← Back to essays
·3 min read·By Ry Walker

Measuring Developer Performance (And Why AI Might Make It Worse)

Measuring Developer Performance (And Why AI Might Make It Worse)

We've been arguing about how to measure developer productivity for decades. Lines of code. Story points. Commits. Each metric proposed, debated, and ultimately found wanting. The SPACE framework is one of the more useful attempts to broaden the conversation beyond raw output.[1] Industry benchmarks like DORA push teams toward outcomes and flow rather than vanity activity metrics.[2] And now AI coding assistants are about to blow this whole conversation wide open by generating, for the first time, a granular log of the actual coding process. I don't have a clean answer here. Nobody does. But the questions are worth taking seriously, because the dashboards are coming whether we want them or not.

I broke this argument into five atomic posts. Read them in any order:

The thread underneath all of these: developer performance is genuinely hard to measure, AI tools don't fix that, and the companies that handle this with care will compound advantages over the ones that ship adoption leaderboards. I don't love thinking about measurement. Most engineers don't. We got into this work to build things, not to be quantified. But the question isn't going away, and pretending it will is how engineering leaders cede the ground to people with worse instincts.

The honest posture: measure to develop, not to rank. Use a portfolio so no single signal owns the decision. Decouple development data from compensation data. Treat AI tool telemetry as a microscope, not a scoreboard. Watch what happens when a metric "moves cleanly" — that's almost always Goodhart in action. And take seriously that the best engineers have options. Whatever measurement system you build, they're the ones who'll vote with their feet when it goes wrong.

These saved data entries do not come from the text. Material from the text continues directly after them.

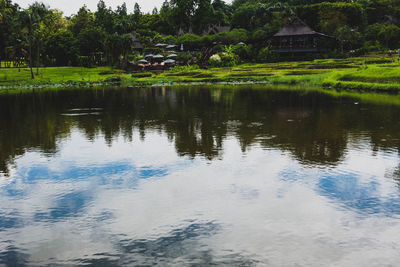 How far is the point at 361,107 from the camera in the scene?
20719mm

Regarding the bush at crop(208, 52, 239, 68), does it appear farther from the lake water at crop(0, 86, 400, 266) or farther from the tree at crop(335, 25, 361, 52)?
the lake water at crop(0, 86, 400, 266)

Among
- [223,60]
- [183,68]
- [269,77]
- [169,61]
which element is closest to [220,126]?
[269,77]

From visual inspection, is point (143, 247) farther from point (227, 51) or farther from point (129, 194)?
point (227, 51)

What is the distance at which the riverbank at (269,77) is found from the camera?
32.5 m

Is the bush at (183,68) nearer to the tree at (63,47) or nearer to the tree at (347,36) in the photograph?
the tree at (63,47)

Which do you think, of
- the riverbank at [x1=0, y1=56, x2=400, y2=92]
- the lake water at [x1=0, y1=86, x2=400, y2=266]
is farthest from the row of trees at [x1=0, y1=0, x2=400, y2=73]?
the lake water at [x1=0, y1=86, x2=400, y2=266]

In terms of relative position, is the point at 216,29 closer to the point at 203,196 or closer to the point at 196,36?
the point at 196,36

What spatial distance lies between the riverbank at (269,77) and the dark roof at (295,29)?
680 inches

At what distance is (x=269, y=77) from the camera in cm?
4606

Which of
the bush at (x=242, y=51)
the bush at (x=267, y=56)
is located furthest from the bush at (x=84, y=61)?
the bush at (x=267, y=56)

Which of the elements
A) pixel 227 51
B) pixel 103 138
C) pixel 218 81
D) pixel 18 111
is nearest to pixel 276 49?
pixel 227 51

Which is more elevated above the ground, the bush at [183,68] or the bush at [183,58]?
the bush at [183,58]

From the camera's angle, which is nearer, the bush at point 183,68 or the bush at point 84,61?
the bush at point 183,68

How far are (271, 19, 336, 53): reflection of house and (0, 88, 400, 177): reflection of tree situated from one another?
48223mm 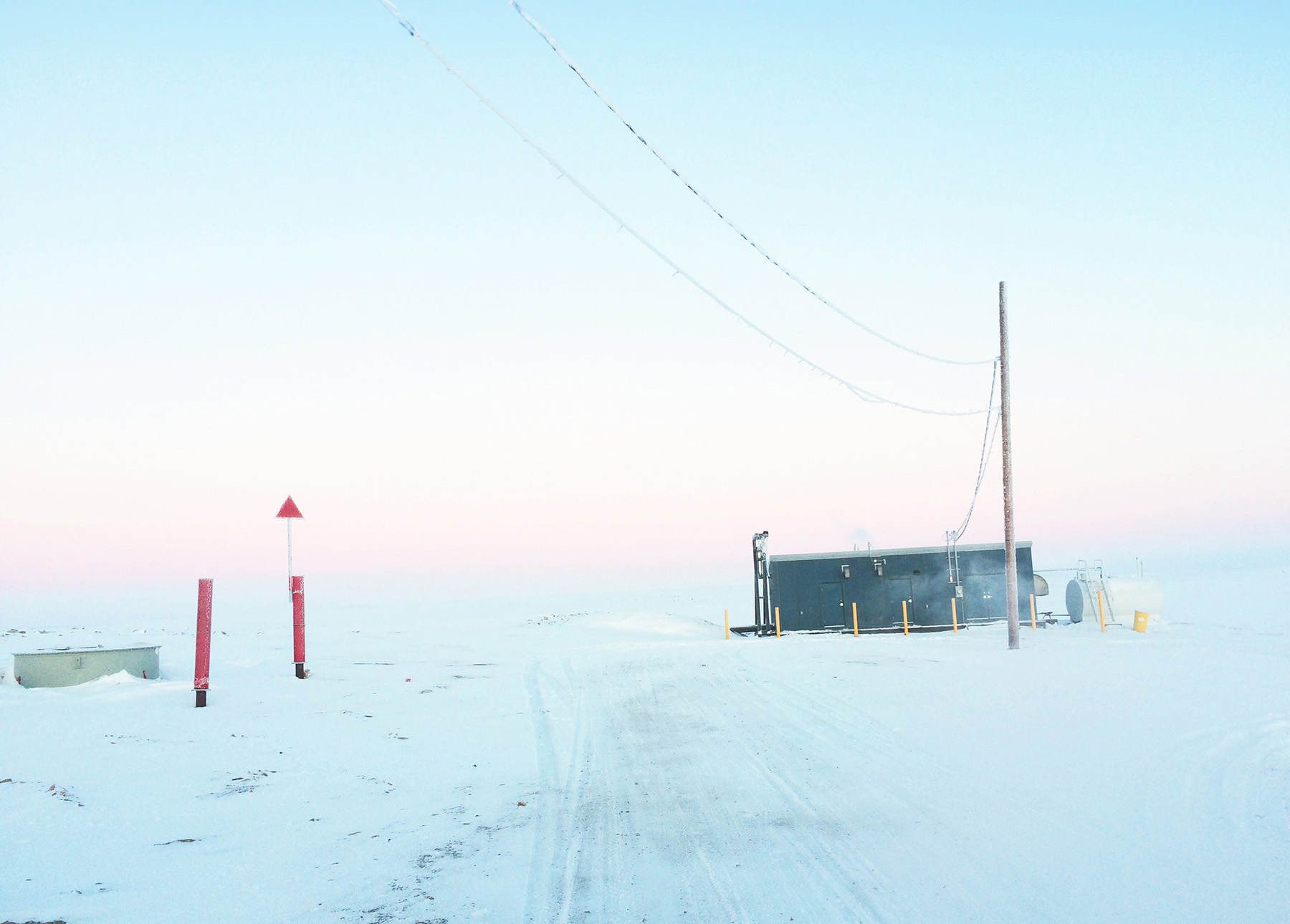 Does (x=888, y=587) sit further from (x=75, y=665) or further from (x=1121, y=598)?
(x=75, y=665)

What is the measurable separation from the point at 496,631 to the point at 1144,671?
2585cm

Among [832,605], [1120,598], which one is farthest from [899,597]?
[1120,598]

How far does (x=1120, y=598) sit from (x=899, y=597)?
7394mm

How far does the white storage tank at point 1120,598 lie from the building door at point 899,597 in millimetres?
5845

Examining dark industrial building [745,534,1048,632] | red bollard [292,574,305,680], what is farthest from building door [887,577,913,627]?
red bollard [292,574,305,680]

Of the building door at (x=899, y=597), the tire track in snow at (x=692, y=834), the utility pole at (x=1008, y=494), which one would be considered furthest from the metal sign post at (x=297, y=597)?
the building door at (x=899, y=597)

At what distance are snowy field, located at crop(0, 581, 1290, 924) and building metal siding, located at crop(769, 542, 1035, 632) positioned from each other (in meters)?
13.7

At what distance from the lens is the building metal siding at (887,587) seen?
30359 mm

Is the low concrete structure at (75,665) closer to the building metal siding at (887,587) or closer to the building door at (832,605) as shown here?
the building metal siding at (887,587)

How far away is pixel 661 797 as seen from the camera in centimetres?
855

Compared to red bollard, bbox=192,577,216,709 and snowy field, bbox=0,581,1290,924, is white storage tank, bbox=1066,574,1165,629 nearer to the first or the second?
snowy field, bbox=0,581,1290,924

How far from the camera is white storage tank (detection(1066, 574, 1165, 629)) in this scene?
2814 centimetres

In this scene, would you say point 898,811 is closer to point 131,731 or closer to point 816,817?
point 816,817

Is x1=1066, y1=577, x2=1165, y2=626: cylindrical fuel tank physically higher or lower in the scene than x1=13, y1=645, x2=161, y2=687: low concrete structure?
lower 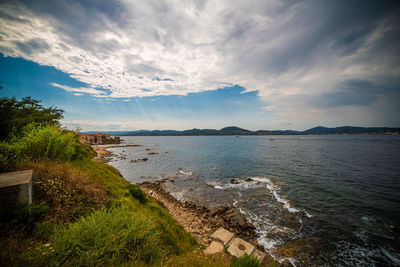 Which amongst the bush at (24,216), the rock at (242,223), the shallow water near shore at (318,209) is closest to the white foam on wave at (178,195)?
the shallow water near shore at (318,209)

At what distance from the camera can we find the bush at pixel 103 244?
9.41ft

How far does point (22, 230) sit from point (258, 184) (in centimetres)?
2175

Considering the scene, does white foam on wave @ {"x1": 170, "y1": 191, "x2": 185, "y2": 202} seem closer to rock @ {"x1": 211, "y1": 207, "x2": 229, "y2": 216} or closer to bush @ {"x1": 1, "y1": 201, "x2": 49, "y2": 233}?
rock @ {"x1": 211, "y1": 207, "x2": 229, "y2": 216}

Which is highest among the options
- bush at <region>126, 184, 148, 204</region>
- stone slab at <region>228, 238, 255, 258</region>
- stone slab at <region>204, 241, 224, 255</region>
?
bush at <region>126, 184, 148, 204</region>

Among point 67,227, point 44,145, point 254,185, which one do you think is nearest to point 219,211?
point 254,185

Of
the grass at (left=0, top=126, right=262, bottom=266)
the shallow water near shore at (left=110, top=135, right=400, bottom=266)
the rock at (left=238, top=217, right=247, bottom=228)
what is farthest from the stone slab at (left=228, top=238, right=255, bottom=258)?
the rock at (left=238, top=217, right=247, bottom=228)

Would I object to a dashboard ranking my dev team for AI adoption? Yes — and so should you. But the underlying instinct (we should understand how our team is performing) is right. The work is in the gap between that instinct and the lazy dashboard that pretends to satisfy it.

— Ry

Key takeaways

  • Engineering metrics differ from GTM metrics.
  • AI tools add signals but increase gaming risk.
  • The goal is learning, not punishment.

FAQ

Why is dev performance hard to measure?

Work is creative and context-dependent. Outputs vary and quality is hard to quantify.

How could AI make it worse?

It introduces noisy micro-metrics that can be gamed. That can distort behavior without improving outcomes.